REVIEW – Virginia Woolf’s The Years

REVIEW – Virginia Woolf’s The Years

Literature │A Voice through Time
Virginia Woolf’s The Years
(published in “Avrupa” newspaper)
The Years was going to be something new; it was going to “…take in everything, sex, education, life etc and come with the most powerful and agile leaps like a chamois, across precipices from 1880 to here and now”, wrote Virginia Woolf, and this, she certainly achieved. As I edged closer to the end of this novel, my fingers gripping to the pages, hoping that it was not going to end yet, even after 410 pages or so, I knew that it was going to have to. As I put the book down, I let out a sigh; it was a sigh of fulfilment, and anticipation to read more books written by Woolf. Woolf’s books tend to be expressed by readers as confusing, boring and not altogether there, but trust me my readers, this woman is completely there, sharing with us a story that gives deep insight into the minds of others; their thoughts and feelings shared with us like a little secret whispered into out ears. What a breath of fresh air” I thought immediately and then laughed at myself, because it is actually quite old air which has the ability to be revived over and over again since its publication, finally, in 1937. I say finally because it took Woolf five years to write and re-write this novel until she was satisfied with it.

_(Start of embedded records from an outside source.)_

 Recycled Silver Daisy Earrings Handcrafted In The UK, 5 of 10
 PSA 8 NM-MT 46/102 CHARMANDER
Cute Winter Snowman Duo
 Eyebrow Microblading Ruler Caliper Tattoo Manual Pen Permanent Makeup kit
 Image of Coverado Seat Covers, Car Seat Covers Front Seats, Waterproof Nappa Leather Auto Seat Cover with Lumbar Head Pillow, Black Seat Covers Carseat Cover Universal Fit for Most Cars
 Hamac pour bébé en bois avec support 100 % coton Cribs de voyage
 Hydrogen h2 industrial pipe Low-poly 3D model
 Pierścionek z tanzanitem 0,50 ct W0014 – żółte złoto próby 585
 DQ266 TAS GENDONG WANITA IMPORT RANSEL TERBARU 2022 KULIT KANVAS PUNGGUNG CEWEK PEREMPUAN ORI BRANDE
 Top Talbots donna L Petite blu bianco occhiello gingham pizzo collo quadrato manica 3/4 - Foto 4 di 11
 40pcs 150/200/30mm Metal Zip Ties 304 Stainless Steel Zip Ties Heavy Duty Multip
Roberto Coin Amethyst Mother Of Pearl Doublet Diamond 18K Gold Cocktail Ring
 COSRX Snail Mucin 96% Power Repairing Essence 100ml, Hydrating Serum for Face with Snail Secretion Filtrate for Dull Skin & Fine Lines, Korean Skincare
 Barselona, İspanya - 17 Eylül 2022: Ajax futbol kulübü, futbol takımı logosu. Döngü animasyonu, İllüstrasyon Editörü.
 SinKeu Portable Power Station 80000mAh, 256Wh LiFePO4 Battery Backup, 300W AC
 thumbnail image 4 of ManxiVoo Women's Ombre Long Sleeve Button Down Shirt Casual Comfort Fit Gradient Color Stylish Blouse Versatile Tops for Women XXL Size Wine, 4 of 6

The Years follow the lives of the Pargiter family from 1880 to the present, which is the mid-1930s; noting all the changes that society undergoes, such as the use of the horse drawn cart which diminishes as the first automobiles are introduced. We also experience England being under attack during world war one, in which a sense of eeriness is aroused, here is a description of a blacked out London; “No light shone, save when a searchlight rayed round the sky, and stopped, here and there, as if to ponder some fleecy patch.” As we go through the years, we watch the Pargiter’s grow old and move away from the Victorian era. In “The Present”, we discover the way in which women have gained more freedoms, as Peggy is able to be a doctor, which was completely unheard of in the era the book sets off in. There are not only social advancements in terms of freedom, but also ones to do with the Victorian family. As with Virginia’s own father, Elizabeth, who is the eldest, the glue of the family, is heavily relied upon by her father, it is with her father’s death that she is able to experience true freedom, freedom from the patriarchy and freedom from the Victorian values that Woolf has always tried to sever herself from. She is finally able to live out the life she deserved. Woolf does not only write the female parts exquisitely, but is able to form the shape and mind of a man’s too, displaying her ability to move fluidly between the two.

Many of the ideals, dreams and thoughts that are discussed in the book, also belong to Woolf herself; such as the emancipation of woman, thoughts on siblings, looking to the future, reminders of the past, but most of all, the subject of getting old, and acceptance. Woolf’s earlier works can put off many readers, but with a sharp mind such as Woolf’s, everything falls into their place, and it is hard to miss the point that Woolf is making with this book. Each year opens with an incredible description of the setting, mirroring and progressing with the chapter’s contents as if the words curled and fell from a poet’s pen, allowing a swift movement in thought and feeling. This book must be approached with an open flexible mind which is able to keep up with the changes to and fro, and must be ready to part with the characters at the end of the book which can be quite hard; this is feeling of sadness on our part, but an incredible accomplishment on Woolf’s.